An exact reproduction of the records is required. Images must be left out.

——

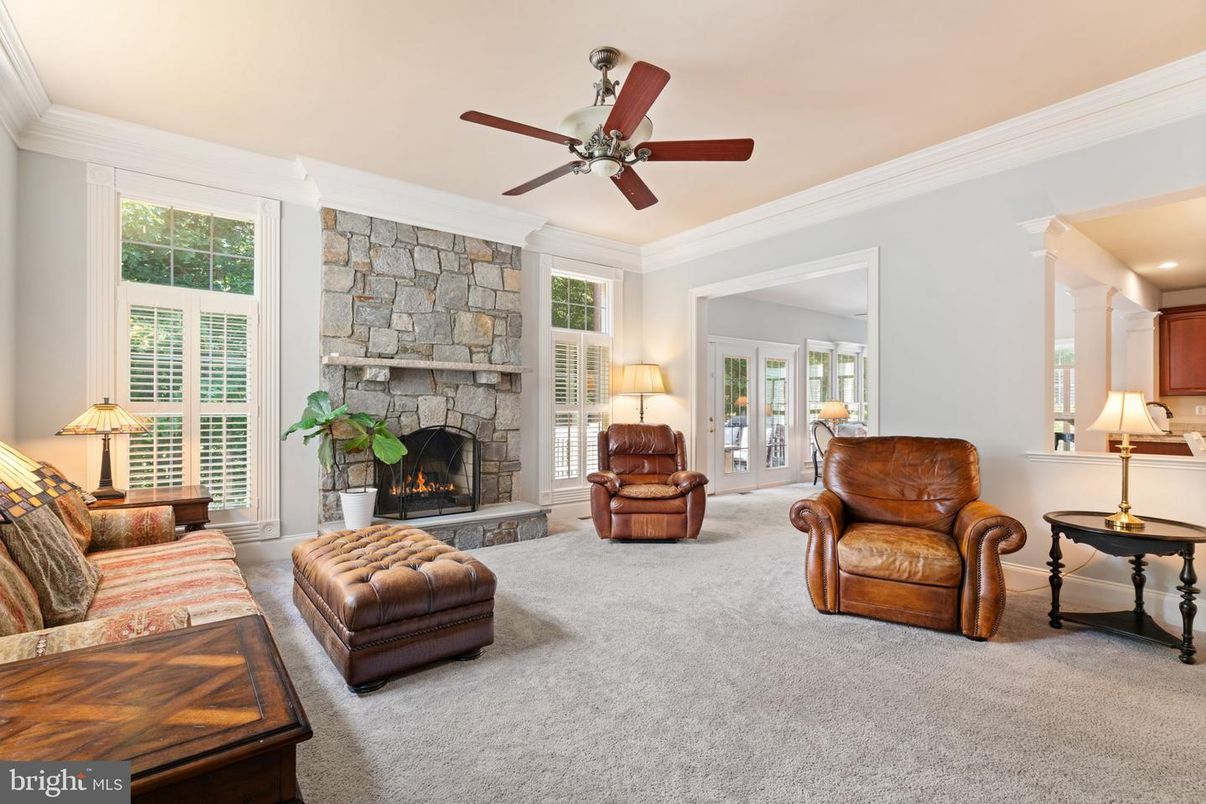 Fireplace, Interior, Living room, Recessed Lighting, Stone Walls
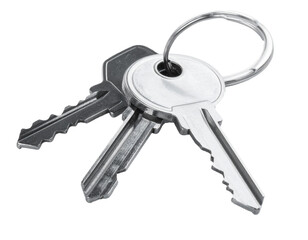 Old Metal Keys on Keyring Isolated on White Background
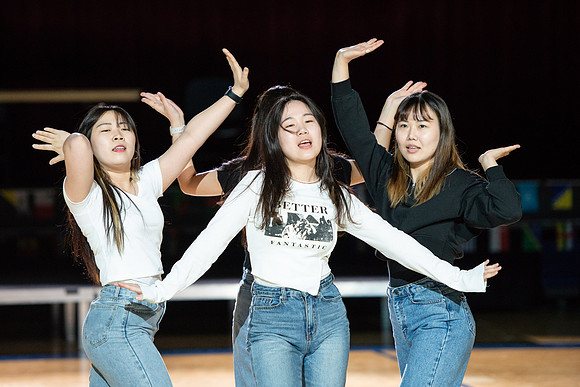 Students rehearse their performance for Cultural Night in the Hart Gym.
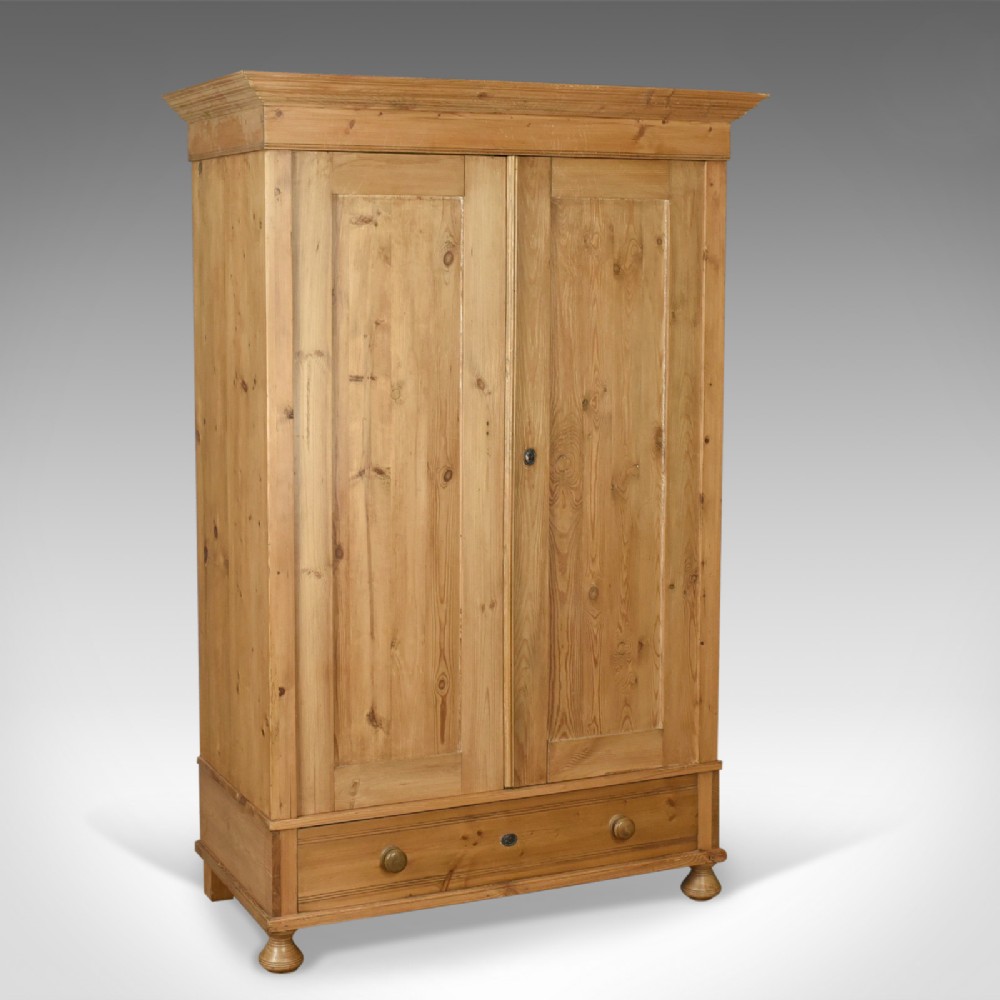 Antique Wardrobe, French Pine Compactum Cupboard Circa 1900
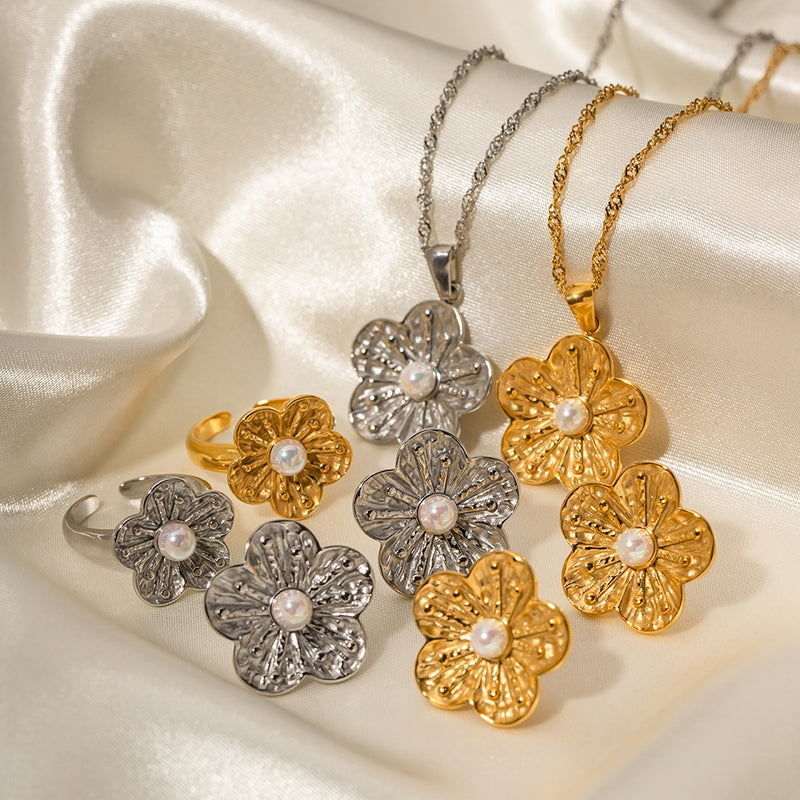 Retro flower jewelry set, view 10 - MRSLM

——

WRITTEN ANSWER:
 Fireplace, Interior, Living room, Recessed Lighting, Stone Walls
 Old Metal Keys on Keyring Isolated on White Background
 Students rehearse their performance for Cultural Night in the Hart Gym.
 Antique Wardrobe, French Pine Compactum Cupboard Circa 1900
 Retro flower jewelry set, view 10 - MRSLM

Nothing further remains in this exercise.